#### SUPPLIED RECORDS ####

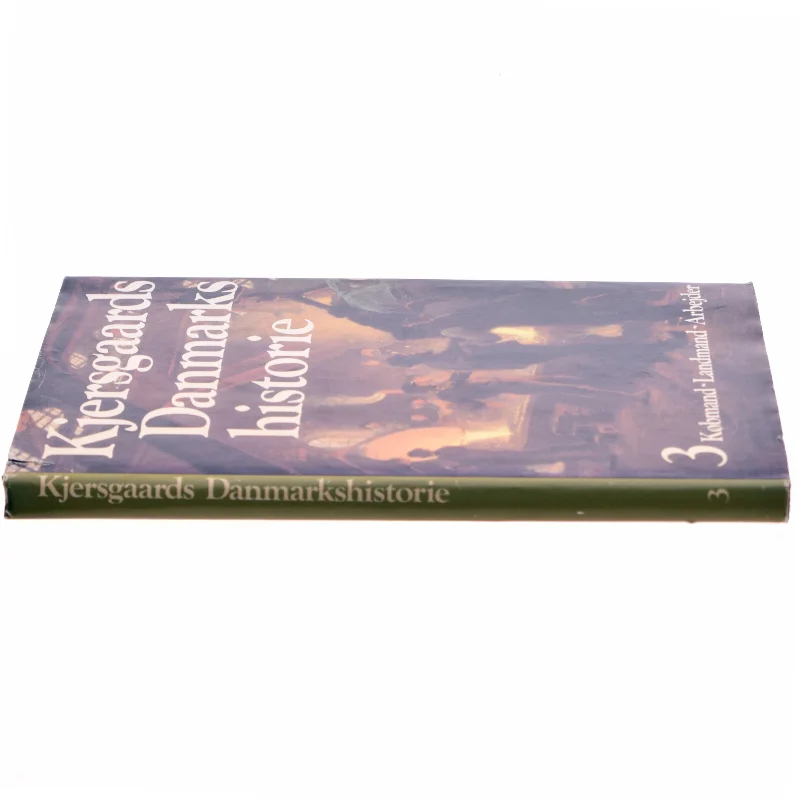 Kjergaards Danmarks historie 3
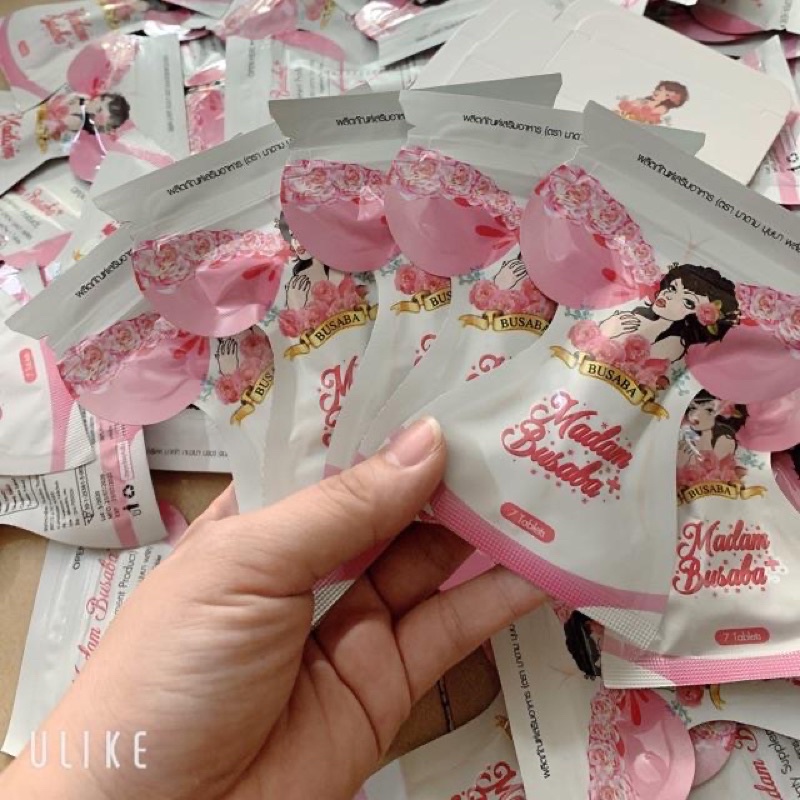 Madam busaba viên no ngực đẹp da thái lan chính hãng | BigBuy360 - bigbuy360.vn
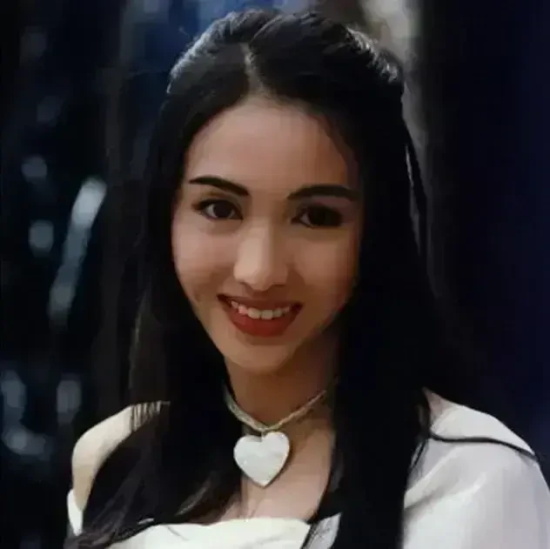 “酒窝女神”黎姿到底有多美，连张柏芝都甘拜下风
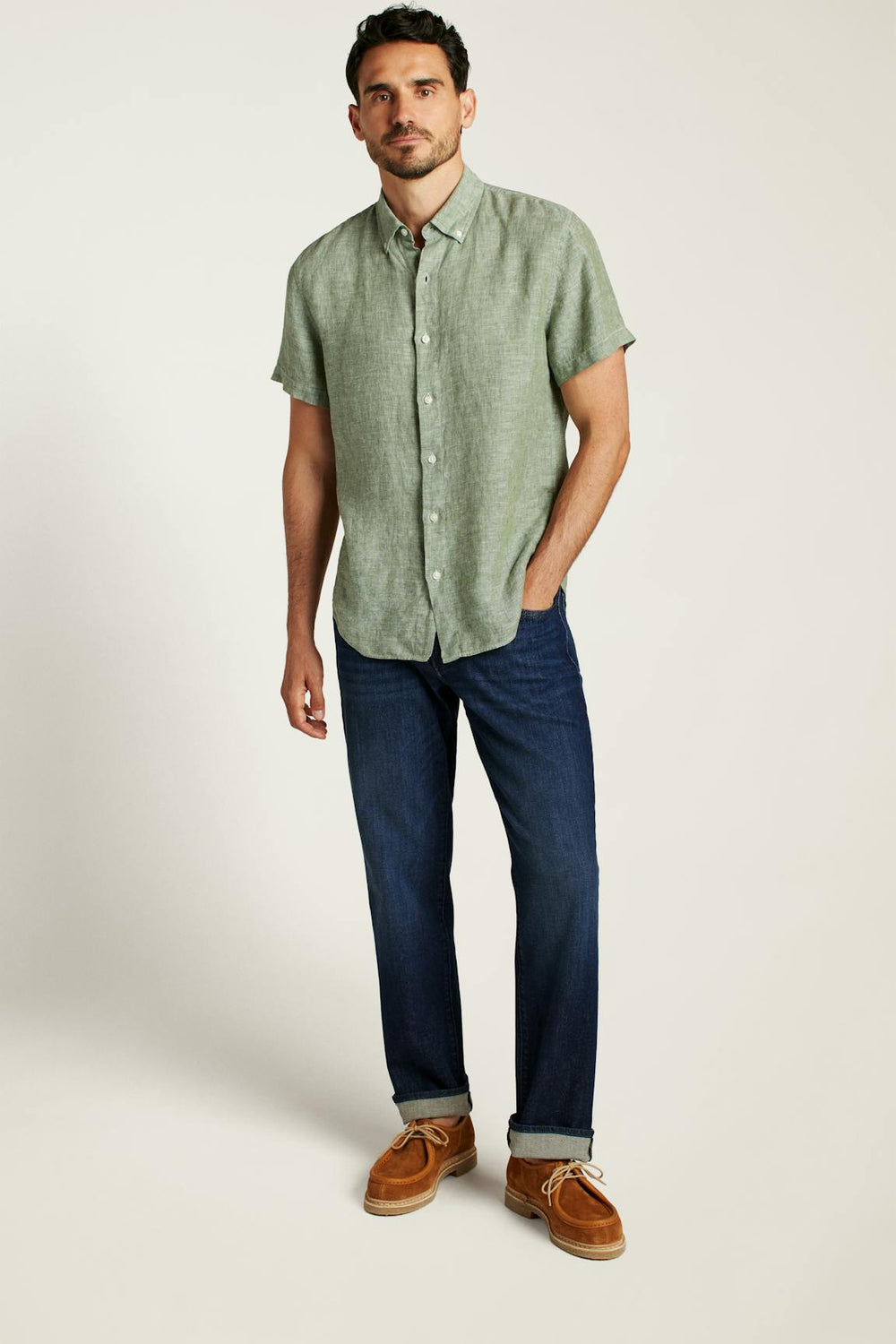 Riviera Short Sleeve Shirt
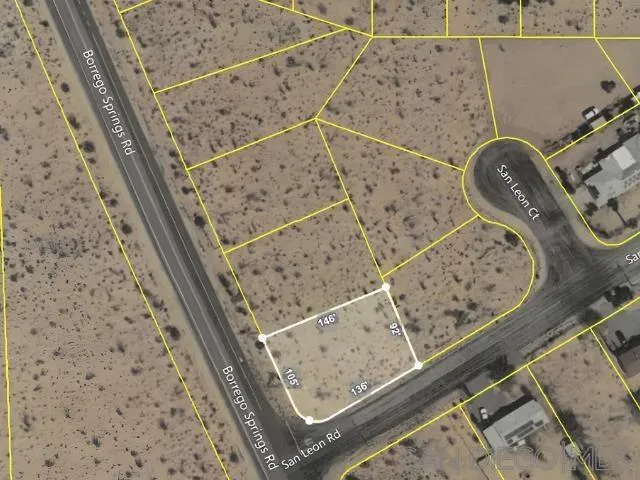 Lot 72 Borrego Springs Rd Unit 72, Borrego Springs, CA 92004 - Main photo, Borrego Springs, CA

####

Exact reproduction of the entries above is required, with pictures excluded.

 Kjergaards Danmarks historie 3
 Madam busaba viên no ngực đẹp da thái lan chính hãng | BigBuy360 - bigbuy360.vn
 “酒窝女神”黎姿到底有多美，连张柏芝都甘拜下风
 Riviera Short Sleeve Shirt
 Lot 72 Borrego Springs Rd Unit 72, Borrego Springs, CA 92004 - Main photo, Borrego Springs, CA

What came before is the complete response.